Canadian scholar Laura Robinson prompted a similar reaction with “Bosom Friends: Lesbian Desire in L.M. Montgomery’s ‘Anne’ Books,” a paper she delivered at a 2000 gathering of academics in Alberta. Offering an interpretation that rattled Montgomery experts, Robinson ventured that the fictional Anne Shirley lusted after female friends such as Diana Barry and Leslie Moore (characters in the iconic Anne of Green Gables and Anne’s House of Dreams, respectively).
“Montgomery’s texts subtly challenge compulsory heterosexuality by drawing attention to the unfulfilled and unacceptable nature of women’s love for women,” Robinson noted. “Because Anne’s various expressions of lesbian desires emerge but are not engaged, they draw attention to what is excluded, what cannot be said to be, in Anne’s world.”
I was mindful of the controversy surrounding Smith and Robinson’s work (the latter garnered the author hate mail) while reading Big Island, Small, the debut novel by Maureen St. Clair, who lives in Nova Scotia and Grenada. The absorbing volume chronicles the bond between Sola, a young Black woman, and Judith, a fair-skinned, bi-racial woman who wears dreadlocks. After attending a summer music festival in an unnamed city (“kind of cold that make people miserable”), the women discover their common roots in a small community in the Caribbean.
Rendered in the lilting patois of both women (in alternating chapters), the narrative ushers readers into a world of joy, risk, sacrifice, hope and grief. Here, Judith imagines the skepticism she evoked when Sola first spotted her grooving to a reggae beat. “She watching not with care but with judgment…I know those kinda eyes, that kinda stare—the stare of people wondering what this white woman doing dreading up she hair, trying to be more Black than white.”
By chance, the women meet the next day. Attracted (if warily) to each other, they attend another festival performance. En route home, they kiss under a star-filled sky. “I don’t want [Judith] to stop,” Sola remembers. “…We kiss leaning up against a fence.”
The embrace transports Sola back to her childhood on the tropical isle. “Wet grass touching bare skin, cool breeze blowing…sea licking ankles, begging me to walk farther out, dunk my head and swim.”
The tender moment is interrupted when a gaggle of children flinging stones and expletives exhort the women to “get a man.”
Emblematic of the race, class, skin-colour bias, gender violence and emigrant motifs that course through the novel, Sola is unnerved by the incident that Judith appears to take in stride. “I just suck my teeth when I realized [the children] yelling down at us,” Judith muses. “But Sola she shove me away like she realize I woman not man. …I can’t understand how Sola afraid. And then I start to think what if she shame …cause she think kissing women criminal. I start to wonder if she think I criminal.”

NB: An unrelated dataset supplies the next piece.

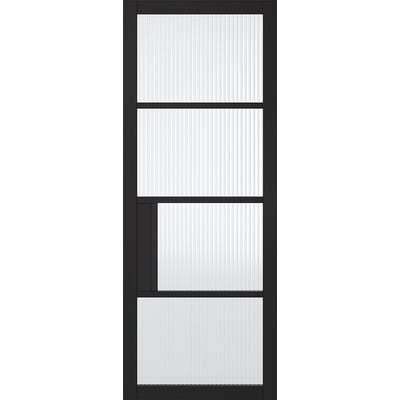 Chelsea Black Primed 4 Glazed Reeded Light Panels Interior Door - All Sizes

Sola and Judith mend the divide and go on to develop a nurturing friendship that enables them to better cope with the difficulties (past and present) in their lives. Perhaps not surprisingly (these days) in a novel that includes flashbacks to the formative years of girls, the spectre of sexual misconduct looms large.
Here, Sola mines a childhood memory: “I was…busy…dreaming about the new bicycle Mr. Robbie say his wife was going to send me. …He said Mrs. Robbie was grateful I was spending so much time…keeping him company while she and the kids were away.”
As with the “bosom friends” crafted by Lucy Maud Montgomery and Morrison’s Sula and Nel, Judith and Sola provide sanctuary for each other. Kudos to Maureen St. Clair for a heartfelt (if at times wordy) contribution to queer and questioning literature infused with a calypso flair.